Stored data
◆ ◆ ◆
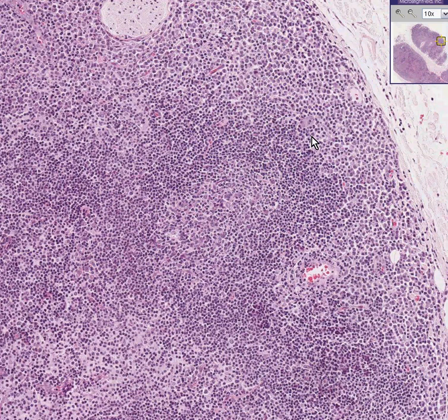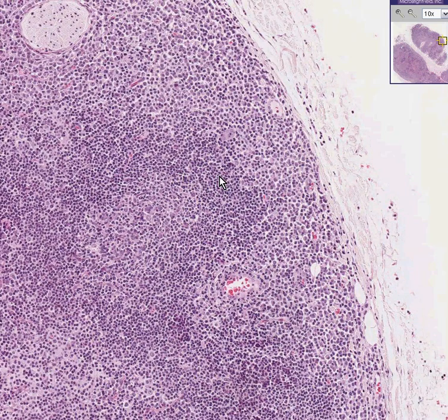And then out at the periphery — and remember, I'm not showing you morphologic differences, these are often only seen through stains — at the periphery you will then get some T cells. This lymphoma is called a B cell marginal zone lymphoma.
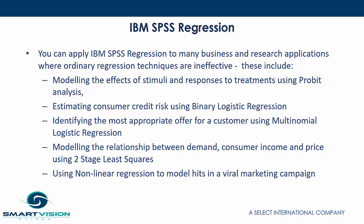Other applications include estimating consumer credit risk using binary logistic regression, identifying the most appropriate offer for a customer using multinomial logistic regression, modeling the relationship between demand, consumer income and price using two-stage least squares, or using non-linear regression to model hits in a viral marketing campaign.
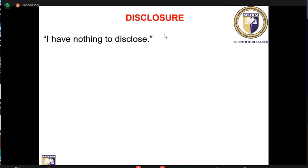First, I have nothing to disclose. The incidence of ovarian endometrioma is 17 to 44 percent in patients with endometriosis. Ovarian endometrioma accounts for 35 percent of all benign ovarian cysts.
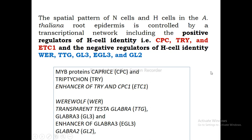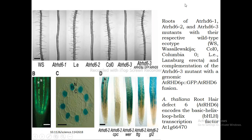In Arabidopsis thaliana, we designate cells as H cells (hair cells or trichoblasts) and N cells (normal or hairless cells). The spatial patterning of root hair cells is controlled by a transcriptional network including positive regulators of hair cell identity — CPC (CAPRICE), TRI, and ETC (Enhancer of TRI and CPC) — and negative regulators including WER (WEREWOLF), TTG (TRANSPARENT TESTA GLABRA), GL3 (GLABRA 3), EGL3 (Enhancer of GLABRA 3), and GL2 (GLABRA 2).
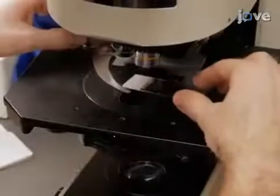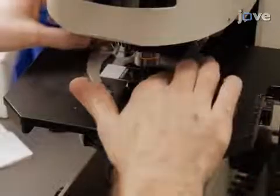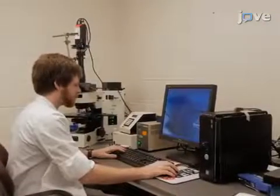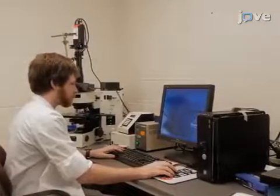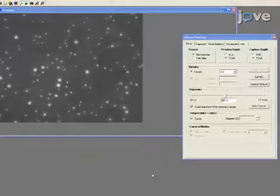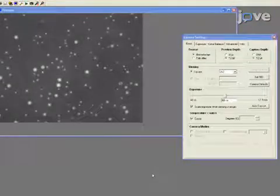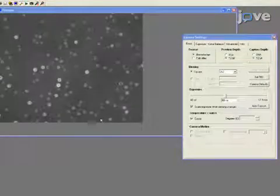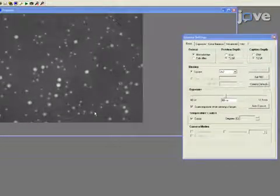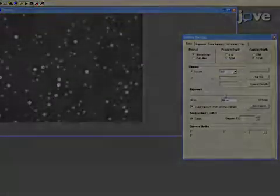To image the samples, place a slide under a brightfield microscope with the camera attachment and known pixel-to-micron conversion. Adjust the filters, objectives, and contrast, and ensure the field of view is dense but not overpopulated with cryptococcal cells, with clear contrast between the cell capsule and the background, and properly focus.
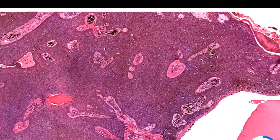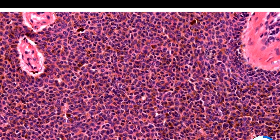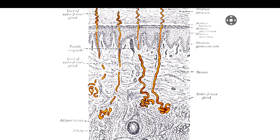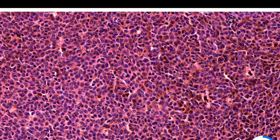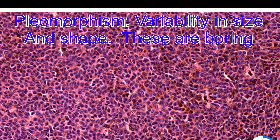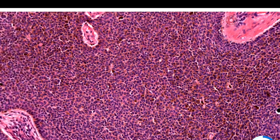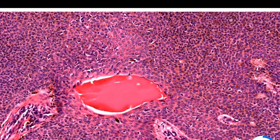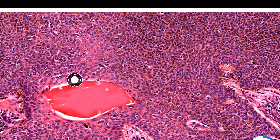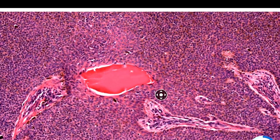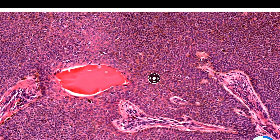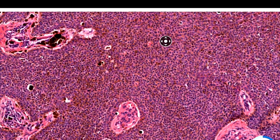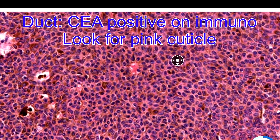At higher power, you can see very similar cells to the blue cells we looked at earlier. Scan around — they're sort of monotonous. You don't have too much pleomorphism, which means variability in sizes and shapes. In general, if you do see mitotic figures, they will not be atypical. Here's a structure — I'm not sure why it's so red in there, but I believe that's probably some kind of sweat or serum.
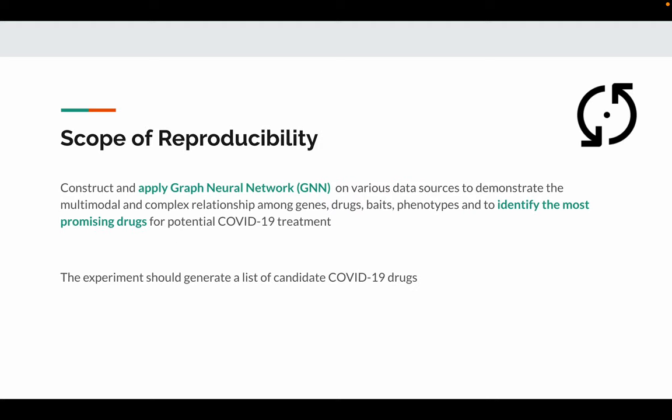For the scope of reproducibility, our goal is to construct and apply graph neural network on a variety of data resources to demonstrate the multi-modal and complex relationships among genes, drugs, phenotypes, and to identify the most promising drugs for potential COVID-19 treatments. As a result, our experiment generates a list of candidate COVID-19 drugs.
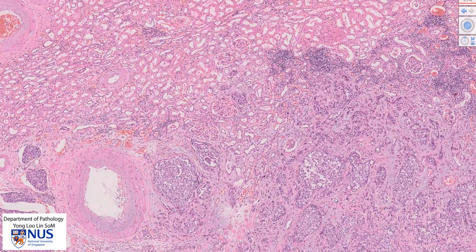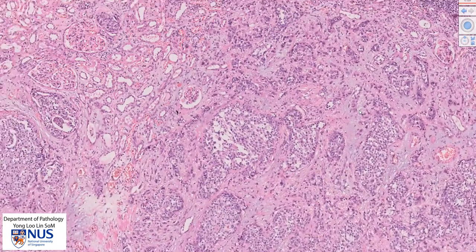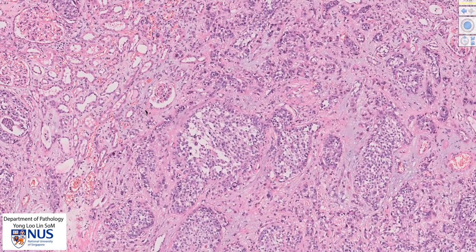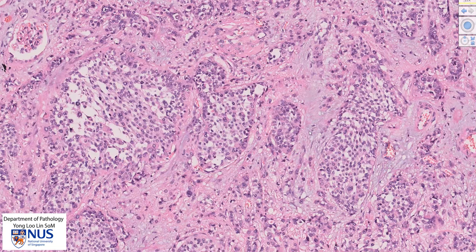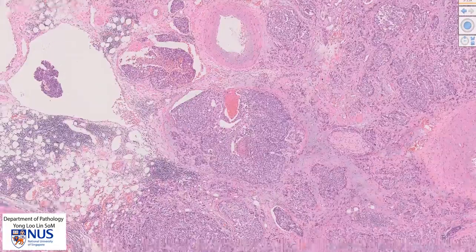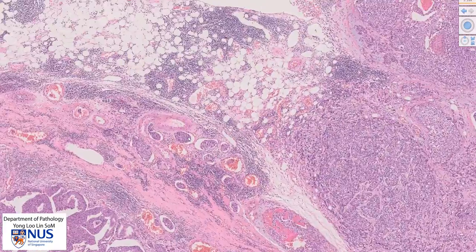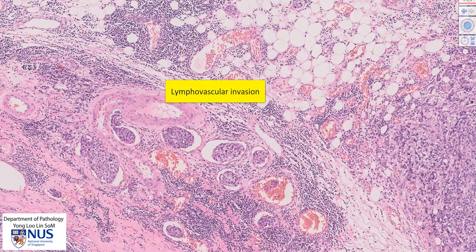So this tumor has clearly invaded beyond the renal pelvis into the renal parenchyma. And in this region, we can see lots of these irregular sheets of malignant urothelial cells invading into the renal parenchyma. These sheets are surrounded by desmoplastic, very disturbed-looking stroma. This case also shows another interesting feature: over here, we can see these little nests of tumor cells sitting within vascular spaces, so there is lymphovascular invasion as well of this tumor.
◆ ◆ ◆
Problem description – What you print must match the entries exactly, except that no pictures appear.

Task response –
And then out at the periphery — and remember, I'm not showing you morphologic differences, these are often only seen through stains — at the periphery you will then get some T cells. This lymphoma is called a B cell marginal zone lymphoma.
Other applications include estimating consumer credit risk using binary logistic regression, identifying the most appropriate offer for a customer using multinomial logistic regression, modeling the relationship between demand, consumer income and price using two-stage least squares, or using non-linear regression to model hits in a viral marketing campaign.
First, I have nothing to disclose. The incidence of ovarian endometrioma is 17 to 44 percent in patients with endometriosis. Ovarian endometrioma accounts for 35 percent of all benign ovarian cysts.
In Arabidopsis thaliana, we designate cells as H cells (hair cells or trichoblasts) and N cells (normal or hairless cells). The spatial patterning of root hair cells is controlled by a transcriptional network including positive regulators of hair cell identity — CPC (CAPRICE), TRI, and ETC (Enhancer of TRI and CPC) — and negative regulators including WER (WEREWOLF), TTG (TRANSPARENT TESTA GLABRA), GL3 (GLABRA 3), EGL3 (Enhancer of GLABRA 3), and GL2 (GLABRA 2).
To image the samples, place a slide under a brightfield microscope with the camera attachment and known pixel-to-micron conversion. Adjust the filters, objectives, and contrast, and ensure the field of view is dense but not overpopulated with cryptococcal cells, with clear contrast between the cell capsule and the background, and properly focus.
At higher power, you can see very similar cells to the blue cells we looked at earlier. Scan around — they're sort of monotonous. You don't have too much pleomorphism, which means variability in sizes and shapes. In general, if you do see mitotic figures, they will not be atypical. Here's a structure — I'm not sure why it's so red in there, but I believe that's probably some kind of sweat or serum.
For the scope of reproducibility, our goal is to construct and apply graph neural network on a variety of data resources to demonstrate the multi-modal and complex relationships among genes, drugs, phenotypes, and to identify the most promising drugs for potential COVID-19 treatments. As a result, our experiment generates a list of candidate COVID-19 drugs.
So this tumor has clearly invaded beyond the renal pelvis into the renal parenchyma. And in this region, we can see lots of these irregular sheets of malignant urothelial cells invading into the renal parenchyma. These sheets are surrounded by desmoplastic, very disturbed-looking stroma. This case also shows another interesting feature: over here, we can see these little nests of tumor cells sitting within vascular spaces, so there is lymphovascular invasion as well of this tumor.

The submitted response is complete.